Il en faut peu pour réussir un tour de force. Et à la sortie de l’avant première du Livre de la Jungle de Jon Favreau, c’est exactement ce que je me suis dit. Ce n’est pas juste une relecture du classique de Kipling, mais bien une petite révolution dans la manière dont les films de ce genre seront faits. Bref, on commence, comme d’habitude, par le synopsis :

Les aventures de Mowgli, un petit homme élevé dans la jungle par une famille de loups. Mais Mowgli n’est plus le bienvenu dans la jungle depuis que le redoutable tigre Shere Khan, qui porte les cicatrices des hommes, promet d’éliminer celui qu’il considère comme une menace. Poussé à abandonner le seul foyer qu’il ait jamais connu, Mowgli se lance dans un voyage captivant, à la découverte de soi, guidé par son mentor la panthère Bagheera et l’ours Baloo. Sur le chemin, Mowgli rencontre des créatures comme Kaa, un pyton à la voix séduisante et au regard hypnotique et le Roi Louie, qui tente de contraindre Mowgli à lui révéler le secret de la fleur rouge et insaisissable : le feu.

On va commencer par tout ce qui m’a plu… Le Livre de la jungle est certainement un des plus beaux films produits par Disney depuis bien longtemps. Les décors sont magnifiques et les éléments en images de synthèse (les animaux hein) sont tellement bien réussis que la frontière entre le réel et l’animé est définitivement floue. Si floue qu’on en oublie complètement ses effets. Evidemment, le casting y est pour beaucoup. Idris Elba notamment donne littéralement vie au tigre Shere khan, et Bill Murray se transforme en ours pour jouer Baloo. Ben Kingsley prête sa voix de sage à Bagheera.

Mais celui qui sort vraiment du lot, c’est le seul humain à l’écran… Neel Sethi, le jeune garçon qui porte sur ses épaules le plus grand poids. Mowgli est bien entendu la pièce centrale de cette histoire, mais Sethi est bien plus que cela. Le plaisir et le naturel qu’il insuffle dans chacune de ses scènes rendent le film encore plus crédible. Surtout que lors du tournage, il était souvent seul devant des fonds verts !

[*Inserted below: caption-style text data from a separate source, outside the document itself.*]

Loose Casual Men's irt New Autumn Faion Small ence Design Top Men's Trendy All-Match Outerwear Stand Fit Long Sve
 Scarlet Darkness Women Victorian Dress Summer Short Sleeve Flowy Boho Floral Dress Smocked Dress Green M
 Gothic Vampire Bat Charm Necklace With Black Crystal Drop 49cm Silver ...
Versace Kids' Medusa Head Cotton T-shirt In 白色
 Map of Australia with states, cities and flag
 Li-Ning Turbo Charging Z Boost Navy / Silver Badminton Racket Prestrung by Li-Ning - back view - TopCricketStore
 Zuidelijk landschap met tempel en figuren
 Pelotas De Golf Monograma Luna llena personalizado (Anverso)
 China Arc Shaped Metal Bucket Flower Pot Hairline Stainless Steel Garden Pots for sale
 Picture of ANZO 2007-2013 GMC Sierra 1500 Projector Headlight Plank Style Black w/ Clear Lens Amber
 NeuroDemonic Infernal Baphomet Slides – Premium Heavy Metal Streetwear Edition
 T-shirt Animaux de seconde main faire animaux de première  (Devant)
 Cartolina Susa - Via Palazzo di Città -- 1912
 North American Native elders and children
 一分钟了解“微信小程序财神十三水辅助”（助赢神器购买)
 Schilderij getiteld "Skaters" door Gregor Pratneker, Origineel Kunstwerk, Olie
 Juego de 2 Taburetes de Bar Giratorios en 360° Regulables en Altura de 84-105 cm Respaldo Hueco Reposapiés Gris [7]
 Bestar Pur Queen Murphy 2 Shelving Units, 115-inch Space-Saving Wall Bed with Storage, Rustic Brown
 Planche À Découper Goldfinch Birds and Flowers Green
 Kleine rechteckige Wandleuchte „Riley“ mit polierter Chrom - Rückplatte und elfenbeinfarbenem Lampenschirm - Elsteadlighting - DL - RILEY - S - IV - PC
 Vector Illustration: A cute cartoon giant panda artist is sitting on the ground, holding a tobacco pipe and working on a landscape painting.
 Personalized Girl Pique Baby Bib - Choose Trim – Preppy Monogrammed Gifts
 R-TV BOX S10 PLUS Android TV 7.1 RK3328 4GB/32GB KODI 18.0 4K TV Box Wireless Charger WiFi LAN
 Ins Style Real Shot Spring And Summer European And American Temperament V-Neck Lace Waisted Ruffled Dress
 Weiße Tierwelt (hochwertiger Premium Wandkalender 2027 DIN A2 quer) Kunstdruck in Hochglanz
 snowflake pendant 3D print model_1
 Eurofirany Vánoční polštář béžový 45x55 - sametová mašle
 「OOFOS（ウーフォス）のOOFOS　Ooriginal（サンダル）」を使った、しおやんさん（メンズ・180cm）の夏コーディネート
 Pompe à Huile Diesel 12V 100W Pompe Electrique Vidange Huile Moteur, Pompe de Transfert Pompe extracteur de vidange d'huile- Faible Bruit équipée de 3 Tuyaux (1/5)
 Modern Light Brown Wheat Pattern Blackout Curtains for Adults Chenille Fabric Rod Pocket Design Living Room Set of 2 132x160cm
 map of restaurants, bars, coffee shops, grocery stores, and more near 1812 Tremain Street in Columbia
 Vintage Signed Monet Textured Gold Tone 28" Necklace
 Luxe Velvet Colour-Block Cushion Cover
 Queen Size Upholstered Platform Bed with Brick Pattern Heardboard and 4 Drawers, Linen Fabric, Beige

Cela me permet de revenir aux effets spéciaux. En utilisant massivement (et avec bonheur) des technologies très avancées, le film de Jon Favreau a forcément un ton beaucoup plus sombre que le film d’animation de 1967. Il en ressort l’impression que le film n’a pas été orienté pour les enfants. Pour autant, il reste suffisamment de rebondissements jouissifs pour que les enfants y trouvent leur compte. Et assez d’épaisseur pour que les adultes aussi.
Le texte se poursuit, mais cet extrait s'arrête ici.